EXERCISE INPUT =>
- - - - -

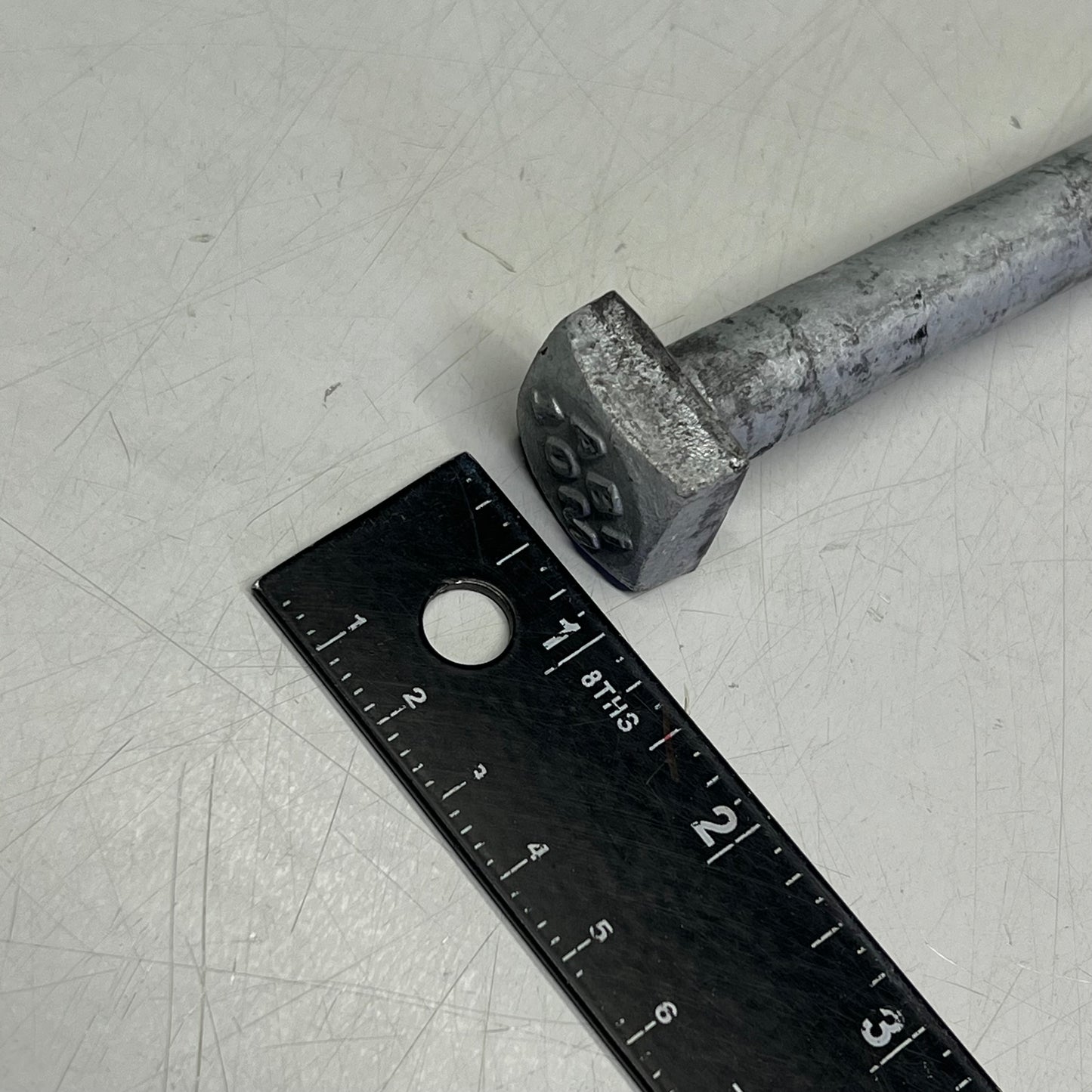 ALLIED BOLT (5 PACK) Cable Suspension Bolt 5/8"x20" - 6" Thread Length 8286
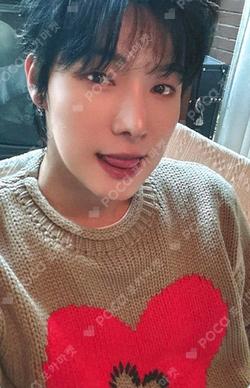 SECRET SANTA SOUND WAVE YONGHOON photocard image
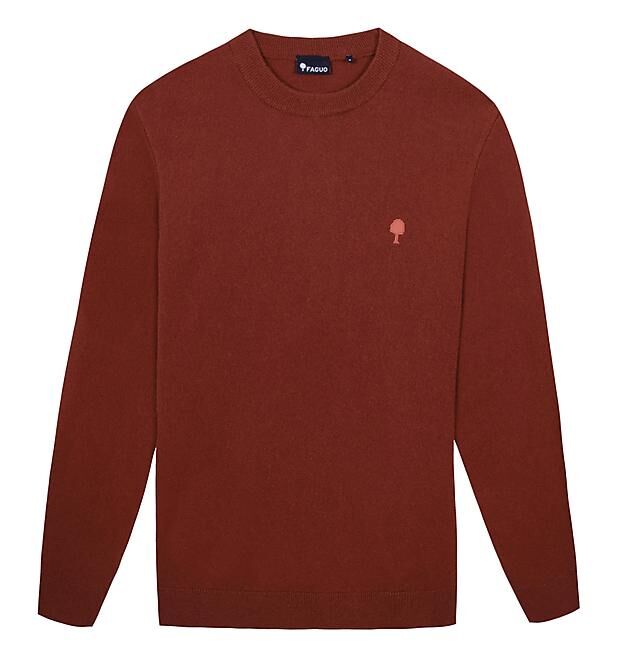 FAGUO - PULL COL ROND MARLY SWEATER WOOL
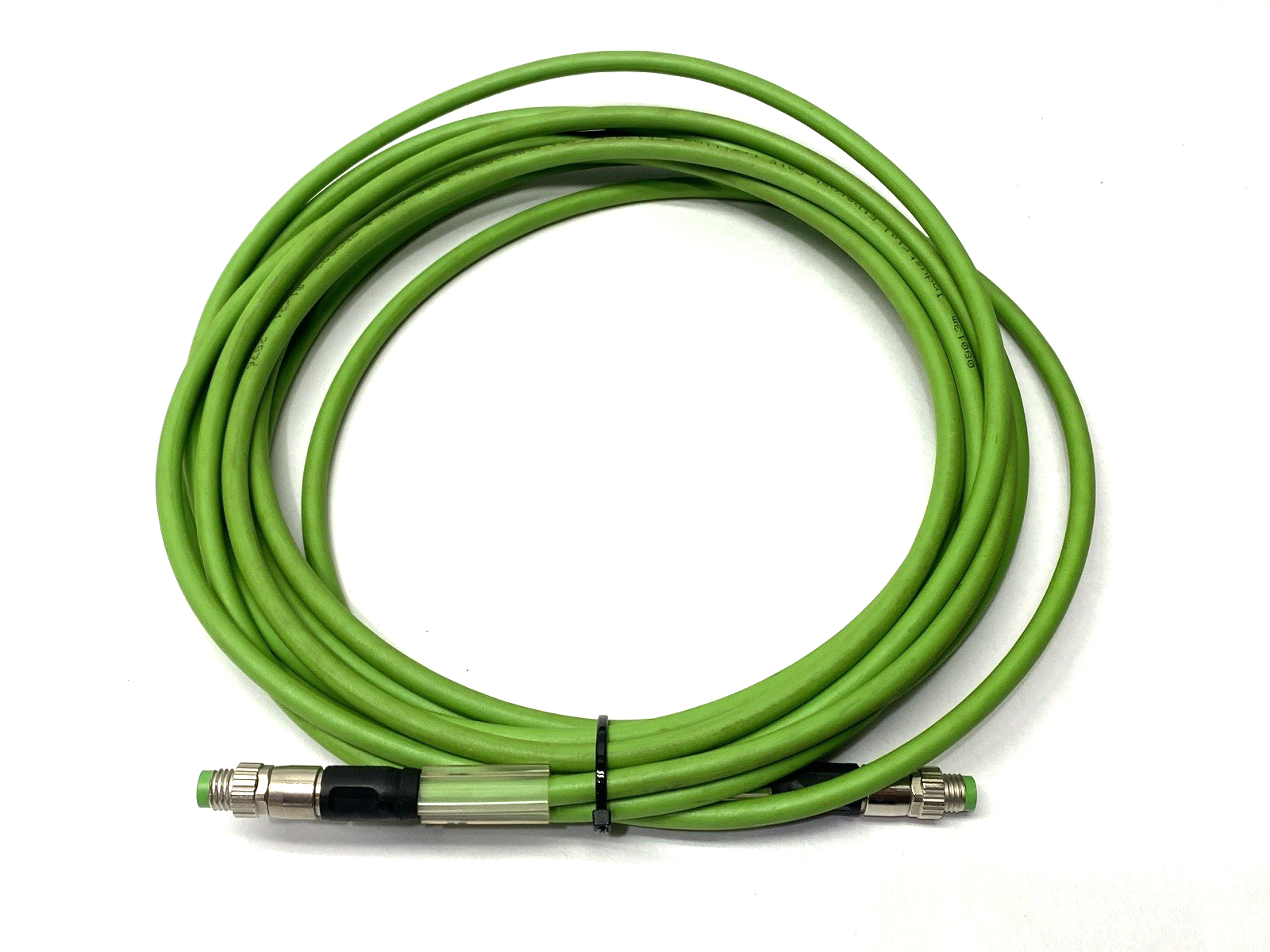 Beckhoff ZK1090-3131-0050 Double-Ended EtherCAT Cordset M8 Male - Maverick Industrial Sales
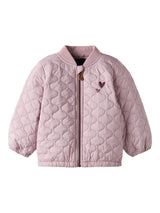 Name it jakke - NMFMARLON JACKET - Keepsake Lilac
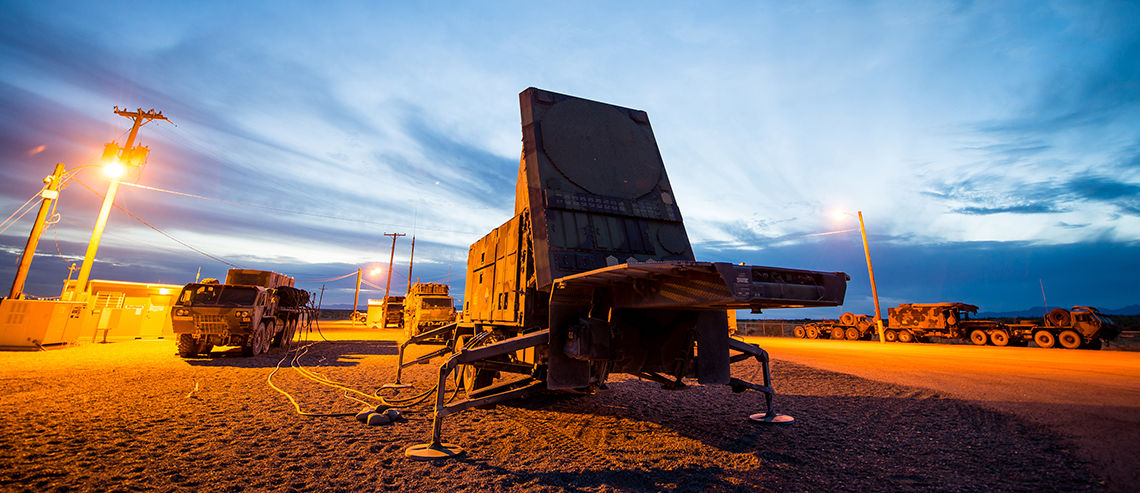 Patriot radar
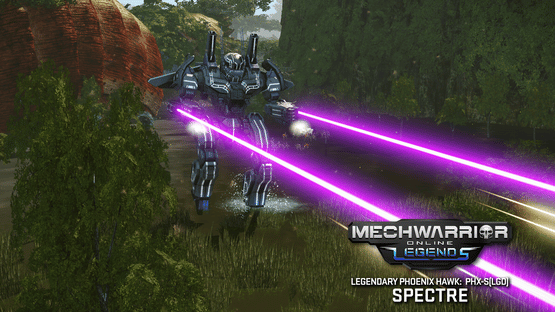 MechWarrior Online: Spectre Legendary Mech Pack Screenshot
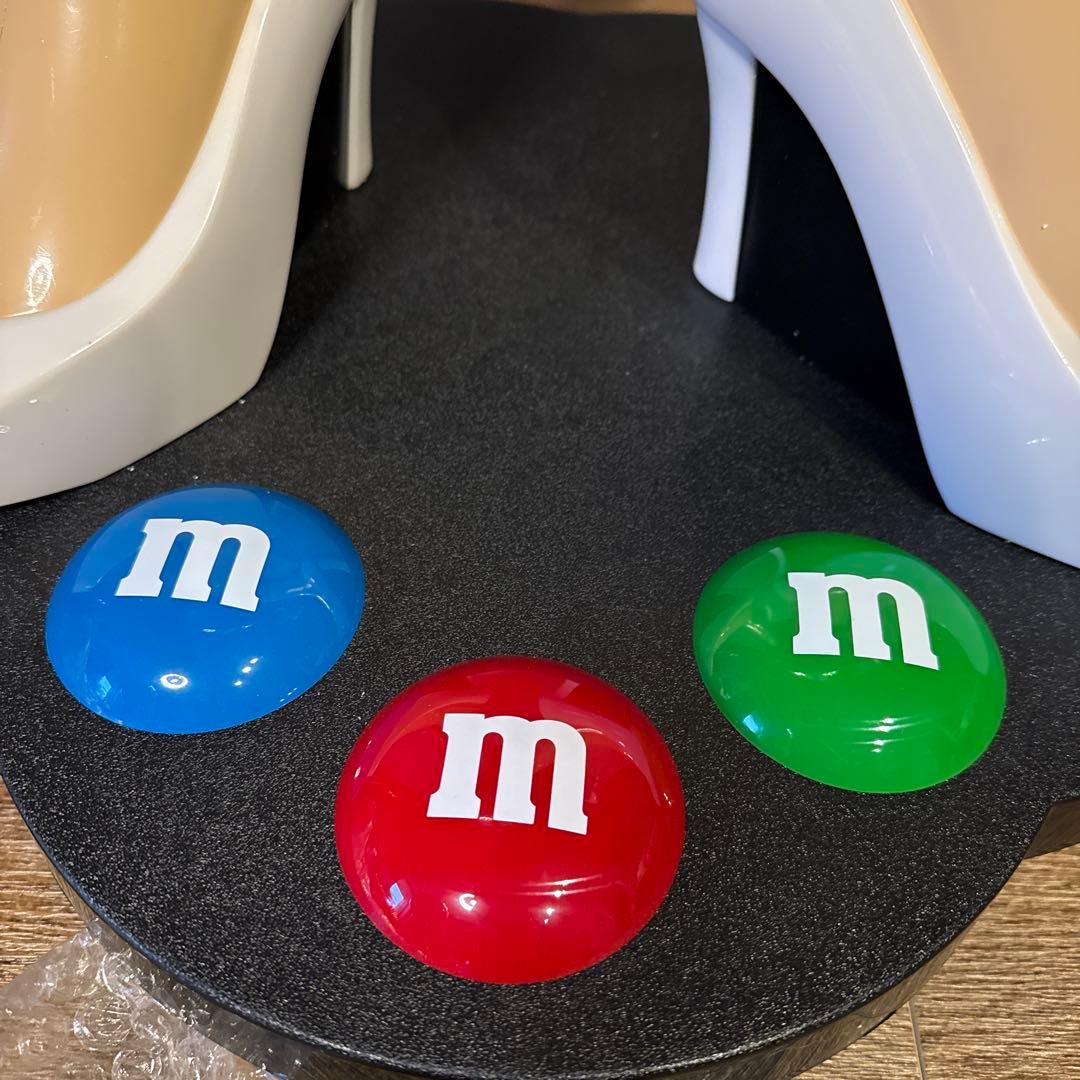 新品　M&M's ブラウン　ストアディスプレイ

- - - - -

WORK INSTRUCTION =>
Write out again only the lines from the line that contains "Name it jakke" through the last line of the records, both ends included, without any of the pictures.

EXERCISE ANSWER =>
 Name it jakke - NMFMARLON JACKET - Keepsake Lilac
 Patriot radar
 MechWarrior Online: Spectre Legendary Mech Pack Screenshot
 新品　M&M's ブラウン　ストアディスプレイ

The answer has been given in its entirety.